你为我、为我们家里人花了那么多的钱,我一分钱都没有为你们家里人花过,我的心里不舒服。”
不舒服?
这可怎么办呢?
陡然之间,池天苇听完左楠秋的那几句话,什么话都没有说。
不说归不说,还是寻找着合适的机会,缓缓地把车子从道路中间开到了、停到了道路一旁。
停完车子,停好车子。
池天苇照样是什么话都没有说,这一回不说归不说,立即就转了一转自己的那一副身子,抬起来了自己的那一双手。
一把下去,就把左楠秋的那一副身子狠狠地揽在了自己的身前与怀中。
揽好过后,吻了一吻她的一侧脸颊。
吻完以后,似深情,且似难过地对她说道:“老婆,你别这样好吗?”
“不好。”
不好?
这么坚持吗?
随着,那一句不好,落了下去。
池天苇直了一直自己的那一副身子,就着自己的那一双手,把左楠秋的那一副身子从自己的身前与怀中给扶了起来。
扶好以后,直直地观看着她的那一张脸庞。
观看了三五秒钟,轻声轻语地又对她说道:“我就怕你会这样,你结果还是这样。
我的钱,你的钱,那不都是我们两个人的钱吗?
以此类推,我给我的爸爸妈妈买礼物,你给我的爸爸妈妈买礼物,那也不都是我们两个人给他们所买的礼物吗?
你这两天,你那一副心事重重的样子,我看了之后,我的心里也不舒服。
我们难道要为了这么一点小事,而生上一场大气不可么?”
“这不是小事,这是原则。”
“什么原则?”
什么原则呢?
左楠秋暗了一暗眼眸,暗完便说:“我认为,我自身不管是有钱还是没有钱,我到了该给他们买礼物的时候,我就一定要给他们买礼物。
我给他们买不起贵的,我可以给他们买便宜的。
关键在于,那是我给他们买的。
你就成全我吧?池天苇。”
说完那几句话,左楠秋的那一双眼眸,那就似又闪烁出来了一片片的泪花。
闪着闪着,闪了又闪。
左楠秋一边压制着自己那一副想要哭泣的模样,一边小声地说道:“只要你答应我,让我花我自己的钱,让我给他们买礼物,我就也听你的话。

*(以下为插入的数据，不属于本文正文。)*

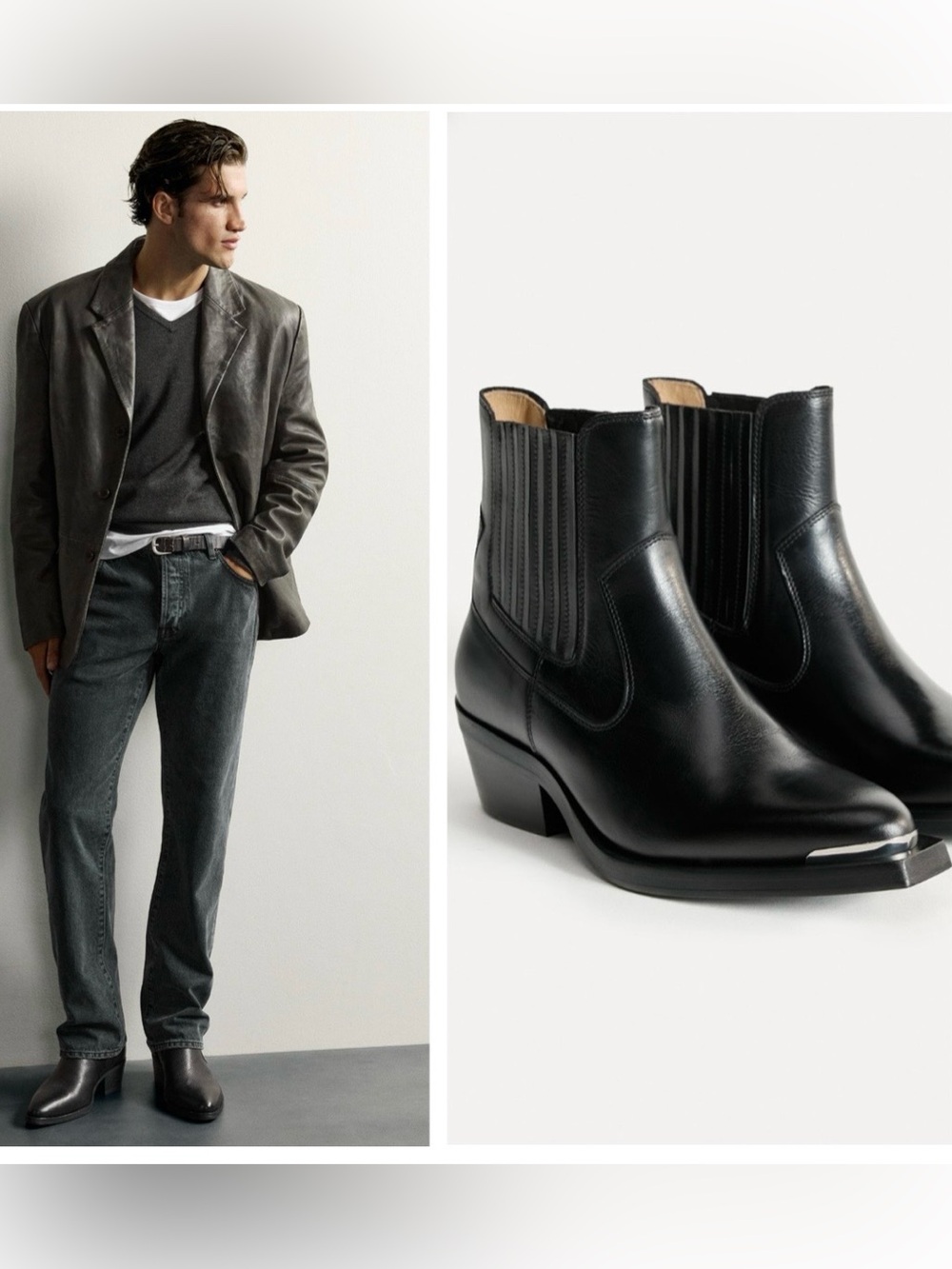 Zara Man Edition 50th Anniversary Collection Leather Cowboy Boots EU45 | US:12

让你跟他们说,你给他们所买回去的那些礼物,那是我们两个人一起给他们所买的还不行吗?
要不然,我的心里真的很不舒服。”
“你非得坚持这样么?”
“是的。”
这,还让人再说出来一些什么样的话好呢?
于是,池天苇沉默了又沉默。
沉默之中,望了又望左楠秋的那一副表情,感受了又感受她的那一副坚持。
沉默结束,望到了、感受到了最后。
池天苇无声地放开了左楠秋的那一副身子,并无声地推开了自己身旁的那一扇车门,走下去了车子。

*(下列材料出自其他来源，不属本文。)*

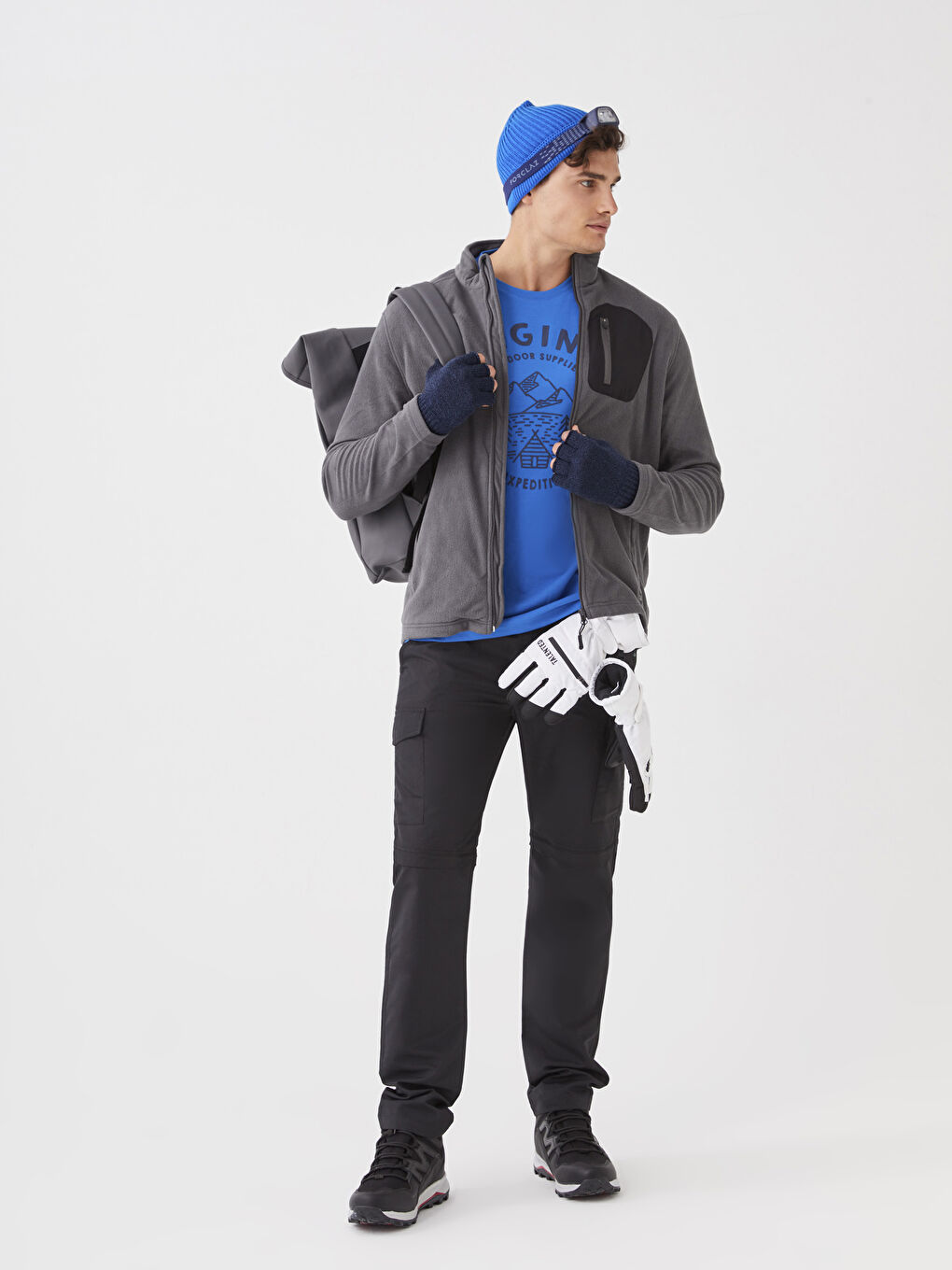 Gri Standart Kalıp Dik Yaka Polar Erkek Spor Hırka-2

走到了副驾驶座的旁边,再无声地拉开了那里的那一扇车门。
伸出来了自己的一只手,牵上了左楠秋的一只手,把她从车子里面给牵了出来。
牵完了人,关上了车门。
池天苇一边牵着左楠秋,一边走到了车子的后备箱那里,亦再无声地打开了车子的后备箱。
打开过后,又一边看着后备箱里面的那些礼物,一边对她说了起来:“老婆,你好好看看这些礼物。
看完之后,你再决定给我的爸爸妈妈买与不买礼物行吗?”
左楠秋没有说行,也没有说不行。
无声之中,缄默之时,低垂着自己的那一双眼睛,当真是好好地看了又看后备箱里面的那些礼物。
看到最后,直似难以置信地说出来了一句:“你…,你怎么买了这么多的东西?”
怎么买了这么多的东西呢?
一转眼,池天苇先是微微地笑了一笑,再是又似正经、似不正经地回道:“咱们两个人现在的这一副状况,你知道这像是什么吗?
这就像是,男女之间正在结婚之时的那一副状况一样。
你见谁家结婚的时候,不管有钱,还是没钱,都不想要大操大办的?
只是吧,咱们两个人不是咱们双方的父母给咱们大操大办的,是咱们两个人自己给自己在大操大办的罢了。
无形之中,我就当作我自己这是在娶你过门了。”
“去你的,你又不正经。”
左楠秋似羞似怒地回完那一句话,抬起来了头来和眼来,直直地回看着池天苇回道:“就算如此,那我也想要给你的爸爸妈妈买礼物。
我不给他们买那么多,也不给他们买那么贵的,我就只给他们买些水果好吗?
等到,他们两个人同意了我们两个人的事情之后,我自身哪怕是还没有多少钱,但我可以光明正大的拿着你的钱,去给他们买礼物。
那才叫做是,有些名正言顺。
在此之前,我不想要再花你的钱了。”
“可以,而且我相信,那一天不会太久、太远的。”
什么意思?
“池天苇,你可不可以把这话跟我说得再明白一点?”
“这个,不可以。”
……
可以也好,不可以也好。
左楠秋似也懒得跟池天苇过多的计较,再计较下去,这个节还过不过了?
买完了水果,离开了B市。
一路向北,行驶了100多公里的路程,因着路况不是太好的情况,用掉了四五个小时的时间。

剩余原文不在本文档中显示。